Jacob was a believer. Michael Corleone was not. And these stories show us that forgiving others is not a prerequisite for being forgiven – it’s a sign that we have been forgiven.
Another way of looking at it is that forgiveness of others is a sign of our repentance – and repentance is a sign that we have been forgiven. That we have been given the gift of salvation.
The Greek word we translate as “salvation” is a lot broader, meaning deliverance, release, and preservation. And isn’t forgiving others a way of delivering ourselves from the anger and stress and anxiety that go with holding onto a hurt? Doesn’t it bring a sense of release? Doesn’t it preserve us from the physical effects of stress and anger?
So in forgiving others, we experience salvation more fully. Not that we can be forgiven more fully or have more eternal life – but that we enjoy more of the benefits of our salvation.
What gets in the way of enjoying our salvation? What makes so many Christians so dour and joyless? We probably don’t think we deserve God’s mercy.
If we think that, we’re right: we don’t deserve God’s mercy. No one does. But that’s what mercy is – giving or forgiving when it’s not deserved. And that’s what God does so well – giving people what they don’t deserve, and not giving them what they do deserve.
And it is infinitely easier for God to forgive us than it is for us to forgive ourselves. In fact, the hardest person for us to forgive is usually ourselves.

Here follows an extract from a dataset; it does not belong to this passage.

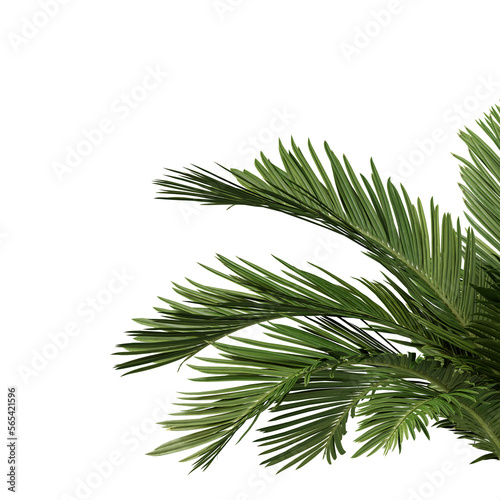 Nature and tropical forest concept. Green palm leaf isolated on transparent background. 3d rendering illustration. PNG format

So maybe – just maybe – if we got good at forgiving others – then we could forgive ourselves and wholeheartedly embrace God’s forgiveness.

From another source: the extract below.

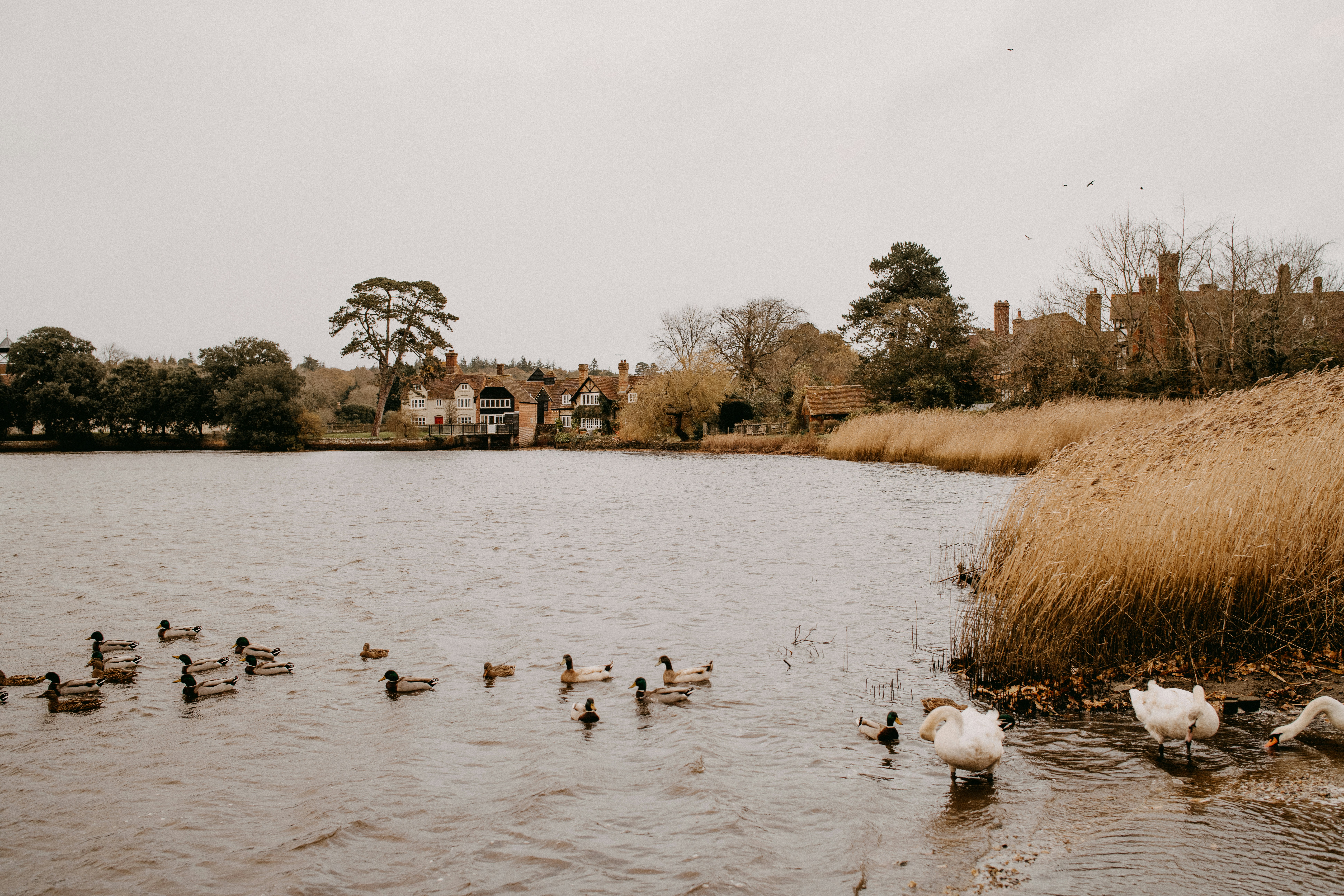 Photo by anniespratt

William Carl – the former president of Pittsburgh Theological Seminary – wrote, “If we refuse to forgive others, we will never truly experience the grace of God ourselves.”
Forgiveness is the ultimate act of love.
Forgiving others is evidence that the love of God is in us –
God’s extravagant love, which has no limits.
If we have the love of God in us, then we can forgive without limits.
So forgive others – in the same way that God has forgiven you.